Bello, autentico il rapporto fra Bacchelli scrittore e la classe sociale donde proviene: l'aristocrazia, o meglio la grande borghesia agraria del primo Novecento bolognese ed emiliana. È lo stesso ambiente, in fondo da cui sono uscito io (5).

Eppure quella comunanza di destino borghese si divarica nella scelta, perché Bacchelli, come tutti i grandi scrittori non ebrei, può anche acconsentire a un'idea liberale che tollerava il fascismo, come del resto i grandi borghesi ebrei. Qui sta la differenza: accorgersi cioè che l'estraniarsi nel mondo come Ermanno o Alberto Finzi Contini, tollerare l'ideologia fascista era una scelta di morte. Giorgio Bassani, come Micòl, invece, sceglie la vita attraverso la morte e fieramente può affermare, come Flaubert nel processo al suo scandaloso romanzo, "Madame Bovary  c'est moi". "Io sono Micòl, Micòl è una parte di me" scriverà innumerevoli volte il Bassani del Romanzo di Ferrara e come la protagonista del Giardino anche il suo autore può affidare nelle pagine conclusive del romanzo al dolce, al pio passato il senso della ferita mai chiusa, ma nello stesso tempo l'affermazione della vita contro lo scandalo che dura da diecimila anni direbbe Elsa Morante di cui l'olocausto è stato il mostruoso risultato:

Certo è che quasi presaga della sua prossima fine, sua e di tutti i suoi, Micòl ripeteva di continuo anche a Malnate che a lei del suo futuro democratico e sociale non gliene importava un fico, che il futuro, in sé, lei lo abborriva, ad esso preferendo di gran lunga "le vierge, le vivace, le bel aujourd'hui" e il passato, ancora di più, "il caro, il dolce, il pio passato'' (6).

Se si rileggono le altissime pagine del prologo de Il Giardino dei Finzi Contini o quelle struggenti della scelta finale di Micòl possiamo ben capire che Ferrara si affida non più alla memoria poetante dell'autore, ma diventa parte integrante dell'io come l'assoluto spazio-temporale di un narratore che ha saputo ancora una volta trarre dalla provincia, reinventandola, il senso epifanico di una scrittura che fa uscire dalle mura di Ferrara personaggi, situazioni, cose, per affidarli al senso e al valore della contemporaneità.


Giorgio Bassani al tennis Club Marfisa con Portia Prebys, Claudio e Fiammetta Varese, e Gianni Venturi.Due aspetti, dunque, di Ferrara che Bassani non ha voluto né potuto fondere perché sono complementari: da una parte la piccola città di provincia che vive ancora di un retaggio culturale altissimo e affidata nel tempo della tragedia storica a una classe sociale a cui l'autore appartiene; dall'altra, la Ferrara personaggio del romanzo totale in cui la storia è vista come in uno specchio che riflette la vita e la ripropone non nella sua ambiguità, angustia mentale e morale, nel suo provincialismo, ma attraverso la memoria giudicante (non quella involontaria proustiana) che eleva le piccole e grandi cronache a emblema, a giudizio e talvolta a pietas, secondo un modello altissimo e amatissimo che fa della Firenze di Dante, della ferita dell'esilio, il modo e il mezzo di attingere lo sguardo sereno della classicità.

La disperazione, la vocazione alla morte dell'Edgardo Limentani de L'airone, il romanzo forse più complesso e diverso di Bassani, rappresentano la constatazione che, nonostante tutto, la ferita non può essere rimarginata.

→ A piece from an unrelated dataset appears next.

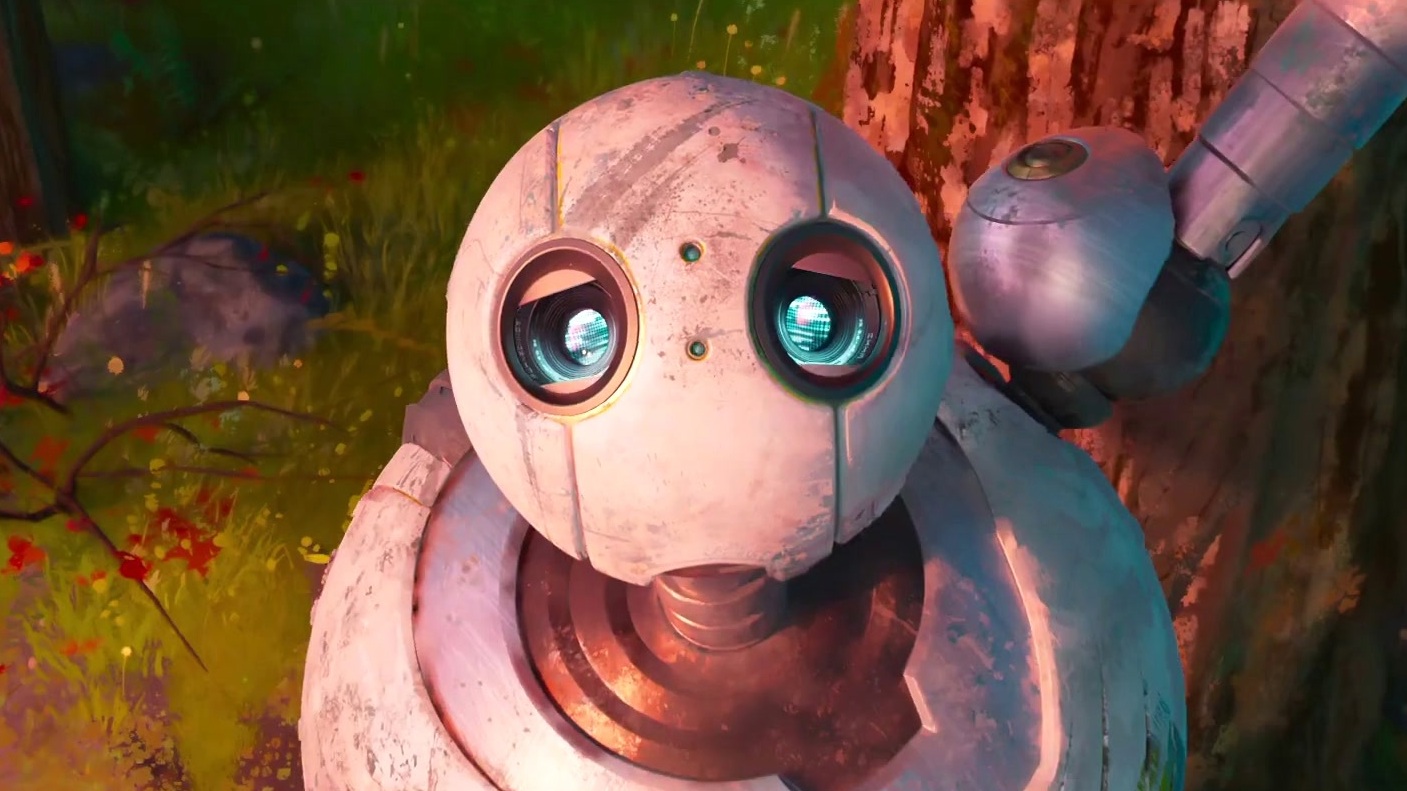 The Wild Robot (New Zealand Final Trailer)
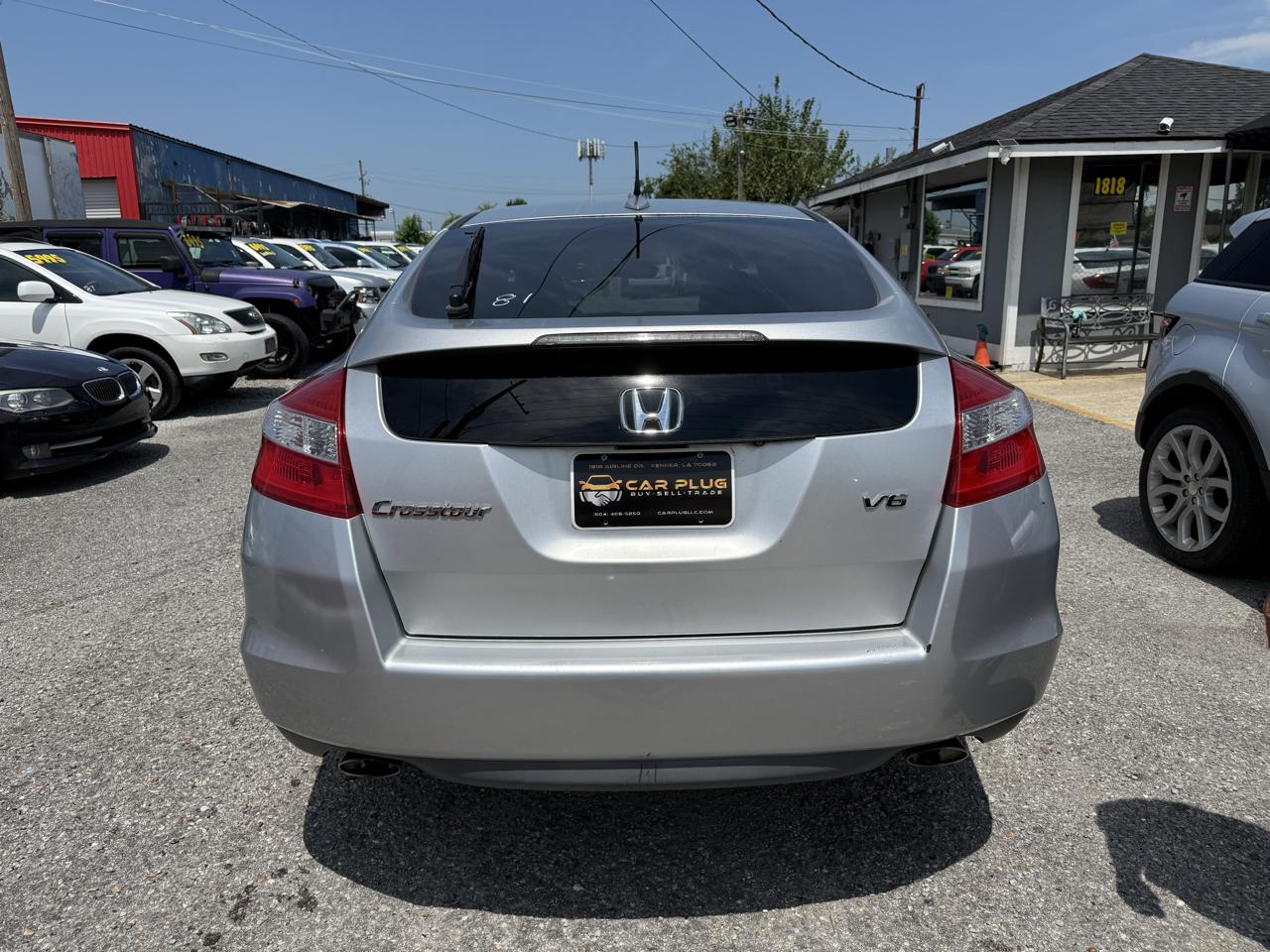 Honda Crosstour EX-L V-6 2WD w/ Navigation 2012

Quel protagonista, agrario, raffinato borghese, cultore della morte come rito della sua classe, la caccia, non sa se può riconoscersi in un giudizio etico e insegue dunque il vagheggiamento di un nulla provocato dalla morte, provocato dalla noia, da ciò che un tempo si chiamava ennui, la noia esistenziale. Ecco perché Edgardo non è una proiezione di Bassani, ma il giudizio dello scrittore sulla Ferrara storica. Le mura non salvano dalla bufera della storia, solo l'arte può riportare il soffio della vita nella città murata attraverso la compassione e il classico distacco della memoria poetante.

Note

1. In risposta (VI), in Giorgio Bassani, Opere, a cura di Roberto Cotroneo, I Meridiani, Mondadori, Milano, 1988, p. 1326. Le citazioni nel testo sono tratte da tale edizione.
2. In Epitaffio., pp. 1417-18.
3. Ivi, pp. 1430-32.
4. Intervento di Bassani negli atti del convegno La cultura ferrarese fra le due guerre. Dalla scuola Metafisica a "Ossessione", a cura di W. Moretti, Cappelli, Bologna, 1980, p. 216.
5. Qualche appunto per una tavola rotonda, p. 1307.
6. Il giardino dei Finzi Contini, p. 578.